I did not recognise many of the names on my DNA match list, some of whom had quite significant amounts of shared DNA. Many matches have no family tree linked to their results, which makes it extremely difficult to work out any connection, although this has become easier with the cluster analysis available through MyHeritage. For those matches that do have a family tree attached, Ancestry attempts so predict the relationship based on shared ancestors in our trees with “ThruLines“. Whilst some of these predictions are not valid, many do at least turn out to be correct, and by including the additional branches to my tree, I was able to confirm many of these predictions.

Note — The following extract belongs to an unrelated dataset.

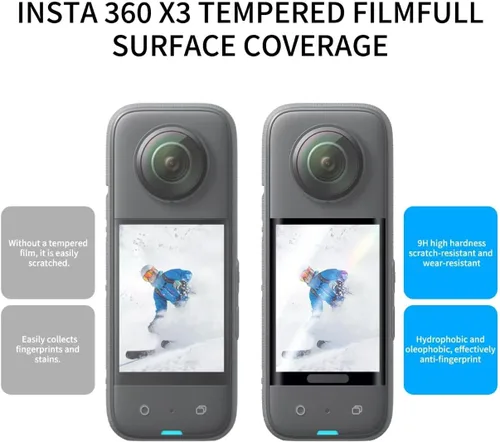 Miniatura 4 de JasonMighty para Insta360 X3 Kit de accesorios de protección Camera Case,Silicone Cover,Lens Guards,Screen Tempered Glass ,Provide full camera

MyHeritages’s autoclusters tool is a great way of grouping your DNA matches – in this way, matches with no associated tree can be grouped with other relatives who they share DNA with, and this gets us one step further in identifying a most recent common ancestor (MRCA).
Before DNA, I often used to ask myself … “why am I following this side branch …. I’m not even sure these people are related to me anymore ….’ as I continued down yet another rabbit hole. But know, some of these additional journey’s are paying off and helping identify how my DNA matches are related to me and establishing our most recent common ancestor (MRCA).
My strategy nowadays whenever I think I may be heading down a branch of research (usually because I’ve found something interesting about them in an old newspaper report or other document) is to ask myself – are these people likely to share any DNA with me? …. If that answer is ‘yes’, then I go ahead with further research down that branch, as you never know – one day it may be the key that breaks down some of the brick walls in my tree.
Network analysis with Gephi
Whats next ?
This 52 ancestors in 52 weeks theme of ‘Branching Out‘ made me think of all the tools we currently have to explore DNA matches and identify our common ancestors. Whilst there are great tools available through Ancestry, MyHeritage and other companies, there are also lots of individuals with great ideas on how to explore our DNA matches data further. I’ve seen a few posts of people using angraph database tool called Gephi, which is used to analyse networks, and this has some incredibly powerful features which are worth exploring. In future, I’d love to try and analyse the DNA matches of my matches (and this data can be downloaded by some testing companies and GEDMATCH), but as part of this weeks challenge, I thought I would try and do a very simple analysis of surnames in my WatsonRoots tree. I currently have 3552 people in this tree, and 857 family groups. From this list of 857 family groups, I created a list of surname pairs (husband and wife’s birth surname), and created a simple graph database that shows how surnames are connected to each other. The red dots each represent a single surname, and get larger the more connections to other surnames they have. Its a very crude analysis, but its cool to watch how the algortithm sorts out all the names and connections, and shows what a powerful tool this could be to support DNA match analysis. Definitely something to explore in future.
Surname connections explored
The video below shows how Gephi figures out the most efficient way to represent the connection between the different surnames on my tree. Clearly I have a lot of research from the Stevens family (my maternal great grandmother) in my tree!